優駿牝馬

 ウオッカがダービーを制し、ダイワスカーレットが回避したあの年から。オークスというレースの価値は決定的に下がったように思う。少なくとも、私の中では。

 3歳馬にとっての2400の持つ意味は、牡馬と牝馬では大きく異なる。牝馬の最強馬決定戦は桜花賞オークスは、卓抜した桜花賞馬より、長距離に適性のある馬が勝つケースが多く、オークス馬=世代最強馬という図式が描きづらい。それでも、府中という競馬場と、そこで行われる根幹距離の競馬に特別な思い入れのある私は、オークス馬には、世代最強馬について欲しいという幻想が強くある。距離が持たなくても、牡馬に勝てる自信があっても、世代最強を自負する牝馬には、オークスの舞台にいて欲しい。

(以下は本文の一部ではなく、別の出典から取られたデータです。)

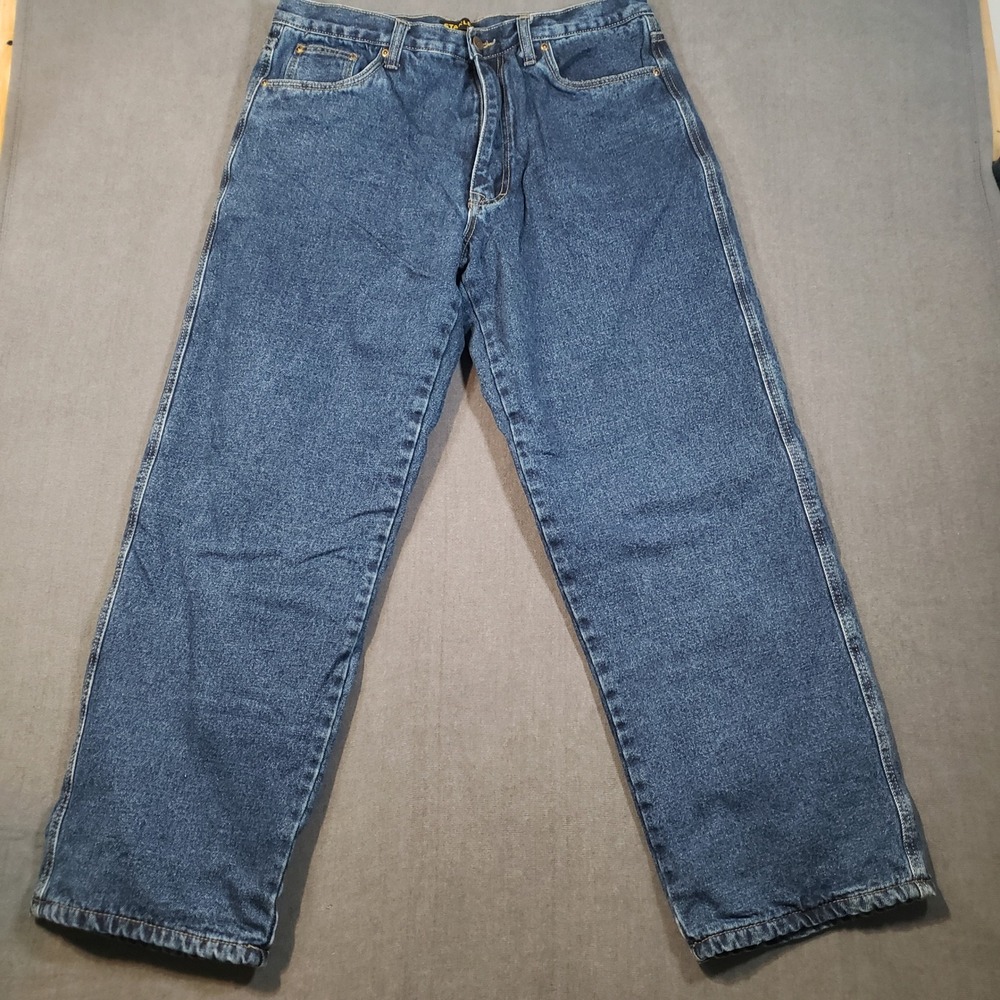 Stanley Fleece Lined Work Jeans Mens 36x32 Blue Denim Insulated Winter Pants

桜花賞1・2着馬の居ないオークスは、オークスじゃない。

 今年は、世代最強馬が順当にオークスを獲りに来る。2000がベストの馬というイメージもあるが、2400までは守備範囲だろうし、外差しに徹した競馬振りは、単なる「差し脚」というものではなく、邪魔されないための進路取り。「女ディープ」の異名はブエナビスタに相応しい。まずは、ここを勝つことがその名を維持する最低条件。その先にあるものは、ディープ超えではなく、近代最強牝馬ダイワスカーレット超え」の道だろう。ウオッカは、ライバルの引退によってその道からハシゴを外されてしまった。ブエナには、欧州へ行く前に(無論、3歳牝馬で挑戦する斤量面のメリットは大きいだろうが)ウオッカに1600〜2000で勝負を挑んで欲しい。それが今年の秋天だと、嬉しい。ウオッカの強さを知り尽くした「敵手」アンカツが、府中の2000で悠々先頭に立つウオッカに対し、ブエナビスタをどのように導くか。はっきり言って、凱旋門賞「なんか」よりずっとわくわくする。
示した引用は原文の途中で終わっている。